Espionnage, le chat avec un grelot


C’est le dernier scoop du site anglais d’investigation Bellingcat et de son partenaire russe The Insider : l’homme qui a essayé d’empoisonner un ancien espion russe réfugié en Grande-Bretagne serait un colonel du renseignement militaire russe, le GRU. 

PAR MARC SCHINDLER

Belling the Cat, c’est une fable d’Esope : dans l’  «Assemblée des souris», un rongeur propose d’attacher au cou du chat un grelot dont le tintement les avertirait de l’arrivée du prédateur.  Eliot Higgins, le fondateur du site Bellingcat a expliqué l’origine de son site de vérification des informations et de journalisme d’investigation : les chats, ce sont les gouvernements. Le grelot, c’est Bellingcat.

L’affaire Skripal avait provoqué un scandale à Londres, quand la police avait découvert, le 4 mars, à Salisbury l’ex-colonel russe Skripal et sa fille inconscients dans un parc.
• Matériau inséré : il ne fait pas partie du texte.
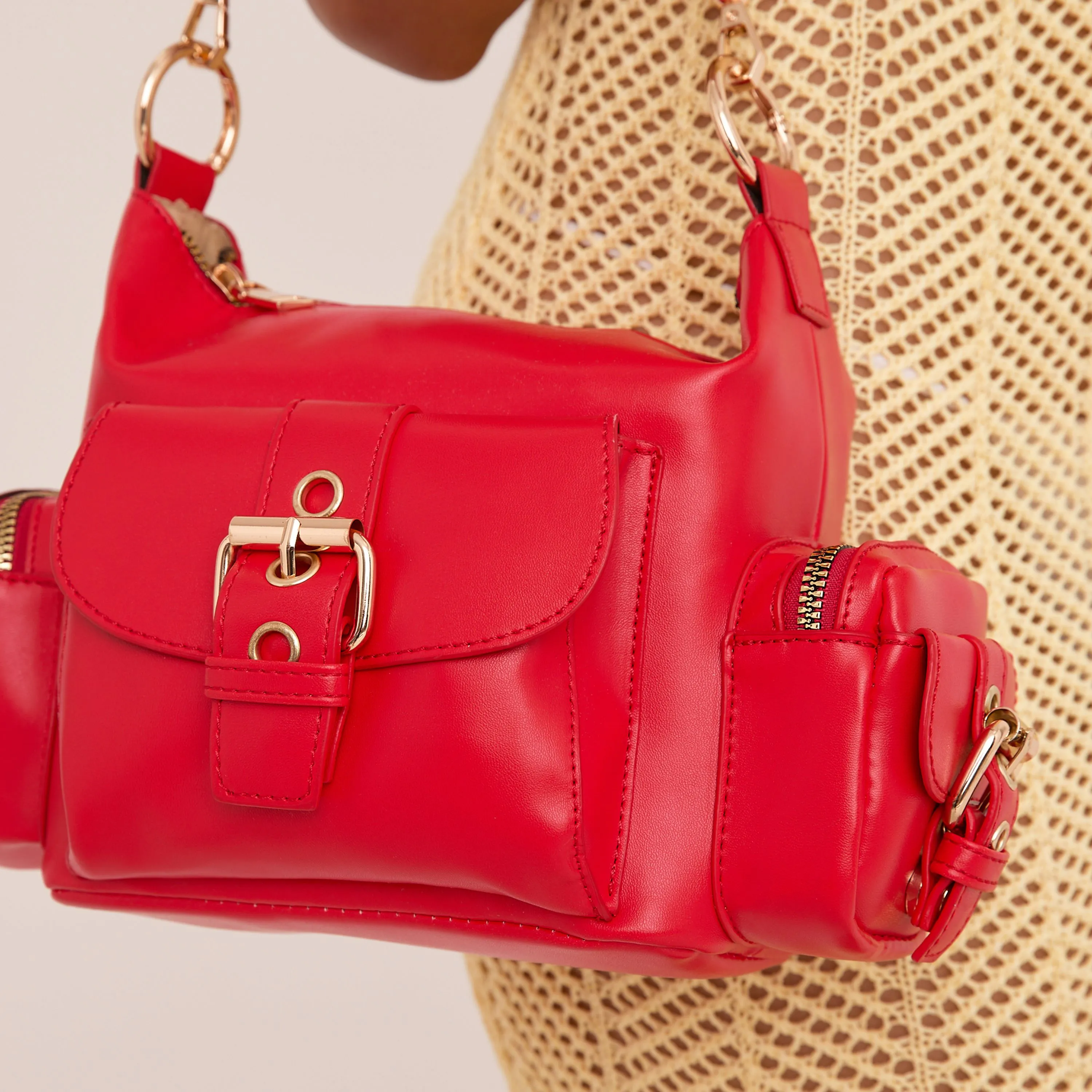 Valencia Multi Pocket Buckle Detail Shoulder Bag In Red Faux Leather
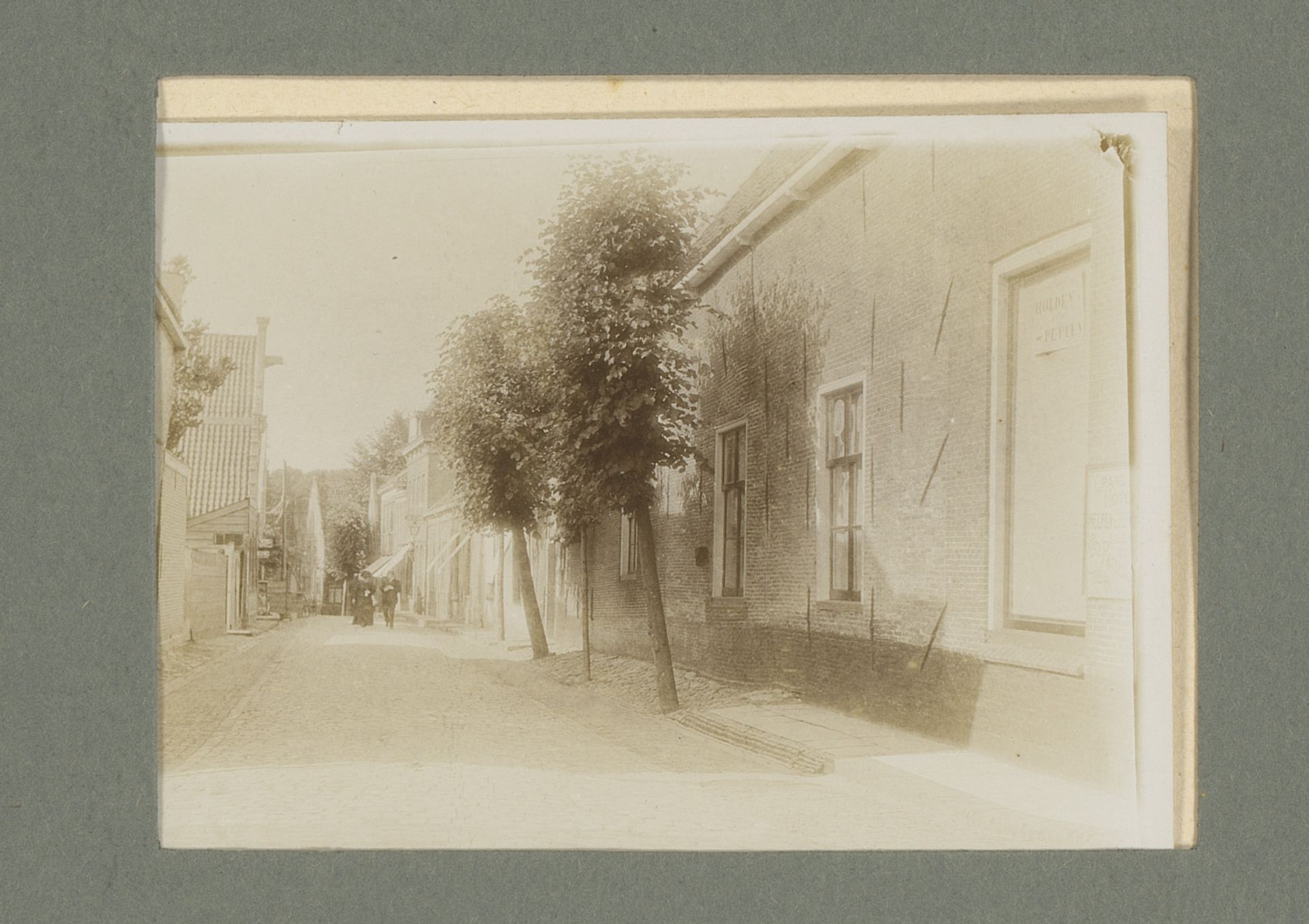 Straatbeeld met in de verte een man en vrouw by G. Hidderley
Scotland Yard avait conclu qu’ils avaient été empoisonnés par un agent toxique, le Novichok, fabriqué du temps de l’URSS. Des cameras de surveillance avaient montré deux citoyens russes visitant Salisbury. La Première ministre Theresa May avait accusé les services secrets russes et avait expulsé des diplomates. Evidemment, Moscou avait protesté et la TV Russia Today avait diffusé une incroyable interview des deux Russes présentés comme des touristes. Poutine lui-même avait assuré que les deux hommes étaient des hommes d’affaires.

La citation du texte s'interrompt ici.